▶ **Activity**
Each line from the start of the records through the line containing "Giocattolo della borsa" is to be transcribed exactly, and no other line is to be included.

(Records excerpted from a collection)

^^^^

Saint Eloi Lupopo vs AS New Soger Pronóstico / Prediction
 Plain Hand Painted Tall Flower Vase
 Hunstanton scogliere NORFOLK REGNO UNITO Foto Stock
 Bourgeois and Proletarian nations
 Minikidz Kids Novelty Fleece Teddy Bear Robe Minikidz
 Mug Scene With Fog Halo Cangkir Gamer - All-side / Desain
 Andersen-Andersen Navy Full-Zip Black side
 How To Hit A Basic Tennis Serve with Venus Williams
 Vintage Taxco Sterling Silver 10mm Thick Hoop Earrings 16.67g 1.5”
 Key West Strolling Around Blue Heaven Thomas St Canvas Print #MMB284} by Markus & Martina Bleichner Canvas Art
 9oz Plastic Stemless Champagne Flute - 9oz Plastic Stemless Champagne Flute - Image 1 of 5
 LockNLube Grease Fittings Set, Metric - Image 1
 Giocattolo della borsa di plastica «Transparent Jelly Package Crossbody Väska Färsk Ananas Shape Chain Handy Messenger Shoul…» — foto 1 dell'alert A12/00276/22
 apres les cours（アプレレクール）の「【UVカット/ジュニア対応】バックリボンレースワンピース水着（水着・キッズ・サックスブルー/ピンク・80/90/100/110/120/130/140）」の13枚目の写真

^^^^

▶ **Answer to the exercise**
Saint Eloi Lupopo vs AS New Soger Pronóstico / Prediction
 Plain Hand Painted Tall Flower Vase
 Hunstanton scogliere NORFOLK REGNO UNITO Foto Stock
 Bourgeois and Proletarian nations
 Minikidz Kids Novelty Fleece Teddy Bear Robe Minikidz
 Mug Scene With Fog Halo Cangkir Gamer - All-side / Desain
 Andersen-Andersen Navy Full-Zip Black side
 How To Hit A Basic Tennis Serve with Venus Williams
 Vintage Taxco Sterling Silver 10mm Thick Hoop Earrings 16.67g 1.5”
 Key West Strolling Around Blue Heaven Thomas St Canvas Print #MMB284} by Markus & Martina Bleichner Canvas Art
 9oz Plastic Stemless Champagne Flute - 9oz Plastic Stemless Champagne Flute - Image 1 of 5
 LockNLube Grease Fittings Set, Metric - Image 1
 Giocattolo della borsa di plastica «Transparent Jelly Package Crossbody Väska Färsk Ananas Shape Chain Handy Messenger Shoul…» — foto 1 dell'alert A12/00276/22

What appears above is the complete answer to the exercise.